I've used Java and Storm and RabbitMQ to build a scalable, dynamic, streaming cluster of workers.

You can also do this with Kafka but it'll be less transactional.

After tackling this problem a couple times, I'm completely convinced Discord's solution is suboptimal. Sorry guys, I love what you do, and this article is a good nudge for Elixir.

On the second time I've solved this, I've used XMPP. I knew there were risks, because essentially I'm moving from a stateless protocol to a stateful protocol. Eventually, it wasn't worth the effort and I kept using the old system.

Vishnevskiy9y ago

I think you misunderstand the problem we are solving here. We are not trying to solve this because our system can't handle it. We are protecting it from when Firebase decides to slowdown in a way that causes data to backup and OOM the system. Since these are push notifications that have a time bound on usefulness we don't care about dumping to an external persisted queue like RabbitMQ or Kafka (we rather deliver newer notifications faster, than wait for the backed up buffer to flush). Firebase also only allows 1000 concurrent connections per senderId with 100 inflight pushes (that have not received an ack) which means that only 100,000 can be inflight. Ultimately if a remote service is providing backpressure because it is having a struggle no amount of auto scaling on your end is going to help you.

This service buffers potential pushes for all users being messages, that then watches the presence system to determine if they are on their desktop or mobile (this is millions of presence watchers and 10s of millions of buffered messages), and users are constantly clearing these buffers by reading on the clients and finally when a user is offline or goes offline we emit their pushes to them (which is what this article talks about). This service was evolved from our push system from the game we worked on and when it just did pushes only and no other logic it could push at 1m/sec in batches, but its responsibility has changed.

Context matters :)

jondot9y ago

Context definitely matters - thanks for the background info. I understood what you're trying to do, incidentally I did the same (all these details sound familiar to me). At the time, Storm helped me batch, break batches and validate discrete units, re-batch, aggregate, repeat that process how many times I wanted, and finally, batch the stream with a strategy I wanted (number of users, messages, or balance number of connections) and deliver to Google.

Then I would just say, XMPP is new and fancy, but consider the old fashioned stateless HTTP interface. When I was implementing my own service, I was worried Google is not going to handle the load. Since we were partners with Google for a good while I was able to climb the ladder of people to get an answer, and plow through their closed-door policy for questions such as "Will you guys handle this load? (5M msg/min)". I wrote a huge email explaining every edge case and what I'm doing. The answer was "We will handle it.". No detail, no context, no buts. I wasn't confident at all. But in the end, they did handle it :)

metafunctor9y ago

Could you not reach pretty much the same result with a queue, though?

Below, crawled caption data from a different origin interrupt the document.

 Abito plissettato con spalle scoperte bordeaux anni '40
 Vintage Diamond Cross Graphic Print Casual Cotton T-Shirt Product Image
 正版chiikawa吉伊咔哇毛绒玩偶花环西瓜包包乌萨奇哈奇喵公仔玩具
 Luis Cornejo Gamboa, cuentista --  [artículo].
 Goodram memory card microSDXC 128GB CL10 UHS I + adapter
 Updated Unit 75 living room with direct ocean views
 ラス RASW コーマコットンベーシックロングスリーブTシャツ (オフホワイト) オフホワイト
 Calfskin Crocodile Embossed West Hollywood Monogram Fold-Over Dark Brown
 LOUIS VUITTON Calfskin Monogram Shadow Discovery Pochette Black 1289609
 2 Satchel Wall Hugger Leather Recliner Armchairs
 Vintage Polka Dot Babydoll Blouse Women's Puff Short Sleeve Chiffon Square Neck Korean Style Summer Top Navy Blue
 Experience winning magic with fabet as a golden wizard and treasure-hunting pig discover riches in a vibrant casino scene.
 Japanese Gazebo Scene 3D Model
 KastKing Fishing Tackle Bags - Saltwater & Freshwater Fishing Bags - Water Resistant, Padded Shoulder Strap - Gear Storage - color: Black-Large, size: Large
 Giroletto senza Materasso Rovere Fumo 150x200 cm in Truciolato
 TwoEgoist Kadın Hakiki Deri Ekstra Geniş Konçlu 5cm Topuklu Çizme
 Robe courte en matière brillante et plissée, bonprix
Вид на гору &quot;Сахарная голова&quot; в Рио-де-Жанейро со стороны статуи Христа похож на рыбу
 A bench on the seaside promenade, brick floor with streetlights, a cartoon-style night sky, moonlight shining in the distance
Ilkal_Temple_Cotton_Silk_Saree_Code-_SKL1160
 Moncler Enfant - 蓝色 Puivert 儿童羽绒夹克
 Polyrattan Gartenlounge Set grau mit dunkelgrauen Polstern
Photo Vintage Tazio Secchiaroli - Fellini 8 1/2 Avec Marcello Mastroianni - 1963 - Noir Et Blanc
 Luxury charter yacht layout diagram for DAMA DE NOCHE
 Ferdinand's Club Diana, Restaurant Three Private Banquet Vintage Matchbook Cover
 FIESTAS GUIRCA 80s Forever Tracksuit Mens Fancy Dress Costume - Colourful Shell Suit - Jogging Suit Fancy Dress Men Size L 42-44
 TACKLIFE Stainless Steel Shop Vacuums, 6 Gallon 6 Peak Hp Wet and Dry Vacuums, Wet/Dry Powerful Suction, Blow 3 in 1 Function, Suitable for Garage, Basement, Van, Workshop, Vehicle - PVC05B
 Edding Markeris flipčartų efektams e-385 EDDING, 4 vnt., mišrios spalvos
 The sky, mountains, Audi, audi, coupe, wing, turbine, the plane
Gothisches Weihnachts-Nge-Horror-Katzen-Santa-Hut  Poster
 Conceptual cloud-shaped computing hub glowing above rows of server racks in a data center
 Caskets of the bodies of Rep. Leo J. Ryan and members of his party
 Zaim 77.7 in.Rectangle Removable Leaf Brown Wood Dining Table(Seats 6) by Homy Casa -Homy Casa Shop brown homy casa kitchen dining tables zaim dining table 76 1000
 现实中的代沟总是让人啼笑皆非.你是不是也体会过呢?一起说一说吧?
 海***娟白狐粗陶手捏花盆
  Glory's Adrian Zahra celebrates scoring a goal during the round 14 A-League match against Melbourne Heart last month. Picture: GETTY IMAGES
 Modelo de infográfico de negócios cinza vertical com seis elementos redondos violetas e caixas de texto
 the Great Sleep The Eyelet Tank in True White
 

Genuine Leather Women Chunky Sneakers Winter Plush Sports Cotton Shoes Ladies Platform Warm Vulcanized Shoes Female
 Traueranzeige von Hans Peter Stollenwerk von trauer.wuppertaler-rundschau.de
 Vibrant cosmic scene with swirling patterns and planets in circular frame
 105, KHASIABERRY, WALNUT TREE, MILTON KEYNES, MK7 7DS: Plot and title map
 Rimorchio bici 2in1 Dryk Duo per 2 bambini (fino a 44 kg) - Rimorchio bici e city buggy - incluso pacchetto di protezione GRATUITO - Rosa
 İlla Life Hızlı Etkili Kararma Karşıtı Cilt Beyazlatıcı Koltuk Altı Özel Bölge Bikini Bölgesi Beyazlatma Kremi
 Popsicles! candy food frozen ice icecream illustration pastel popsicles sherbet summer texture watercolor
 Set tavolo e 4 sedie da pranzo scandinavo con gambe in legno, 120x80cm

For example, workers could discard messages older than some threshold, quickly emptying the queue if there are expired messages. Clients might not even queue messages if the queue is currently too long, perhaps even providing a convenient signal for them to back off from their most chatty behaviour.

Some messages will not be delivered on time if there is significant backpressure. There is not much you can do about it, apart from avoiding choking yourself.

Perhaps the queue could work with a LIFO policy, to help at least some messages go through in time instead of having most messaged delayed near to the expiration threshold.

1 more reply

di4na9y ago

Knowing that RabbitMQ is full erlang, why bring a really big dependency if you have all the things in your everyday language anyway ?

jondot9y ago

An all encompassing answer would be - the abstractions. Why would you use an operating system if really you have your CPU documented and know all of the instruction sets?

gregpardo9y ago

Yeah this... Hey guys you don't need erlang to solve this problem... just use this tool built in erlang.

teacpde9y ago

> You can also do this with Kafka but it'll be less transactional.

Could you explain why using RabbitMQ is more transactional?

chillydawg9y ago

I've no idea about kafka but rabbit offers you message ack/nack and publisher confirms. Generally, you can build very solid things on top of it, depending on whether you need to distribute rabbit or not.

neiled9y ago

Anyone have any nice links to describe more about queue prefetching as described in this case? My google skills are failing because of all the CPU related articles.

jondot9y ago

http://www.rabbitmq.com/consumer-prefetch.html

dimino9y ago· 8 in thread

What is up with Discord? I feel like it's quietly (maybe not so quietly) one of the bigger startups to come out in the last two years.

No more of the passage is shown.